No había sido un accidente. Cuanto más pensaba en ello más seguro me sentía.
¿Acaso era un mensaje dejar aquel disco rosado a la vista…?
¿Qué deseaba comunicar?
Cogí de nuevo el archivo del modus operandi, en busca de crímenes cometidos contra sordos. Pero no hallé nada.
¿Acaso el audífono le habría hecho suponer que Irit era el objetivo más fácil de todos… el menos probable que se diera cuenta de que la seguía, el menos probable que gritase?
La muchacha no era muda, pero tal vez él supuso que sí lo era.
Suave estrangulamiento.
La frase me disgustaba…
El tiempo y el cuidado tomados para evitar la degradación del cuerpo… No se había perpetrado ningún acto sexual en el escenario, pero tal vez él habría ido a algún otro lugar para desahogarse, para masturbarse con los recuerdos, como suelen hacer los asesinos sexuales.
Pero los criminales sexuales suelen utilizar trofeos para desencadenar recuerdos: ropas, joyas. Partes del cuerpo: los senos eran uno de sus preferidos.
El cuerpo de Irit había quedado íntegro, nada faltaba en él. Estaba colocado… casi primorosamente. De un modo expresamente asexual.
Como si el asesino hubiera deseado informar al mundo de que no había sido tocado.
¿Qué él era diferente?
O tal vez se había llevado algo consigo… algo discreto, indetectable… algunos cabellos.
¿O acaso los recuerdos habían sido las propias imágenes?
Fotos tomadas en el escenario del crimen y reservadas para más tarde.
Me lo imaginé, sin rostro, de pie junto a ella, henchido de poder, ordenando… haciendo posar a su víctima y tomando foto tras foto.
Creando un cuadro, una espantosa forma artística.
Polaroids. O dispondría de un cuarto de revelado privado donde poder modular matices ópticos.
¿Sería un artista autoestilista?
Se habría llevado a Irit bastante lejos del sendero para que nadie oyera el clic de la cámara ni distinguiera el flash.
Se había esmerado en la limpieza… Era obsesivo, pero no sicótico.
¡Hay muchos locos en Norteamérica!
Releí la carta de la agente especial Gorman, así como el resto del contenido de la caja.
Entre los centenares de páginas echaba algo de menos.
Los amigos y vecinos de los Carmeli no habían sido entrevistados, como tampoco la señora Carmeli, y su marido había sido contactado solo dos veces y ambas muy brevemente.
¿Respeto al dolor o tratamiento de guante blanco para un diplomático?
Luego, al cabo de unos meses, el caso seguía sin solución.
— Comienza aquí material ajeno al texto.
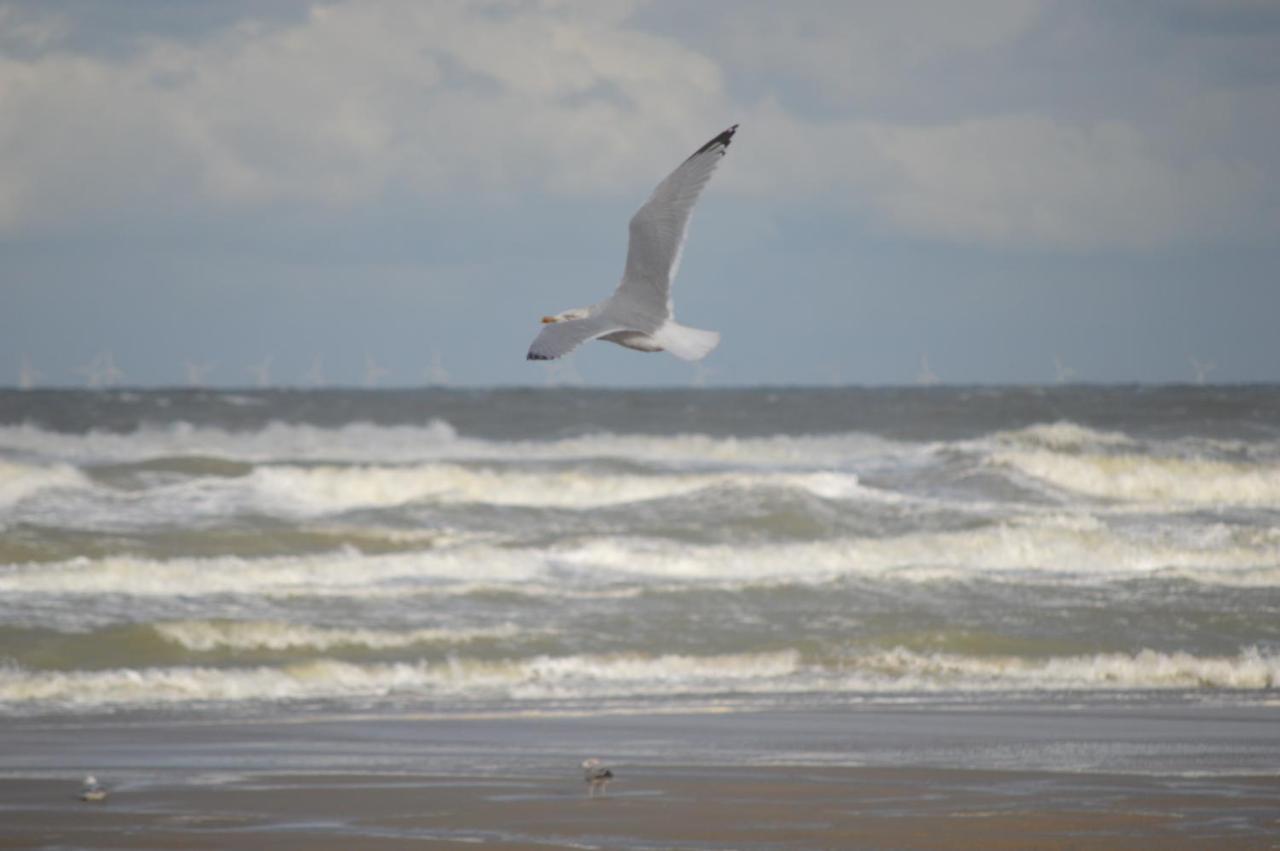 Huisjes Aan Zee De Haan Eksteriør bilde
Me dolía la cabeza y me ardían los pulmones. Estaba centrado en ello desde hacía casi tres horas.
Cuando me levantaba para hacerme café, sonó el teléfono.
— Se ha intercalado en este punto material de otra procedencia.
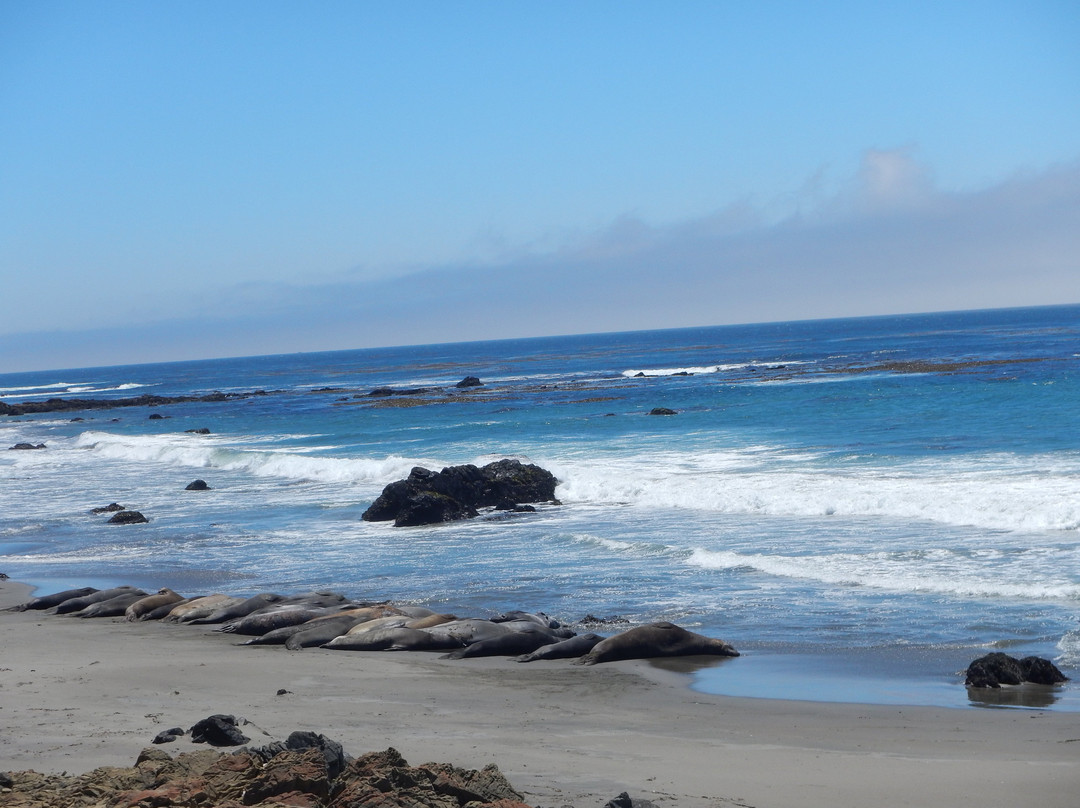 Seal Beach Scenic Overlook-大苏尔必去景点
—Una tal señorita Dahl pregunta por usted, doctor —me dijo mi telefonista.
—Pásemela, gracias.
—¿Doctor Delaware? Soy Helena. Acabo de revisar mis compromisos para la semana y he pensado que podría concertar una cita con usted. ¿Tiene alguna hora libre dentro de dos días? ¿Quizá sobre las diez de la mañana?
Comprobé mis horarios. Ya había cumplimentado varios informes procesales.
—¿Qué tal sobre las once?
—Estupendo. Gracias.
—¿Cómo va todo, Helena?
—Oh, todo lo bien que puede esperarse… Supongo que estoy pasando por un punto en que lo echo realmente de menos… Más de lo que solía… inmediatamente después. De todos modos, gracias por recibirme. Adiós.
—Adiós.
Anoté la cita con vistas al pronóstico clínico.
¿Qué posibilidades tenía de conseguir algo positivo para una muchacha muerta?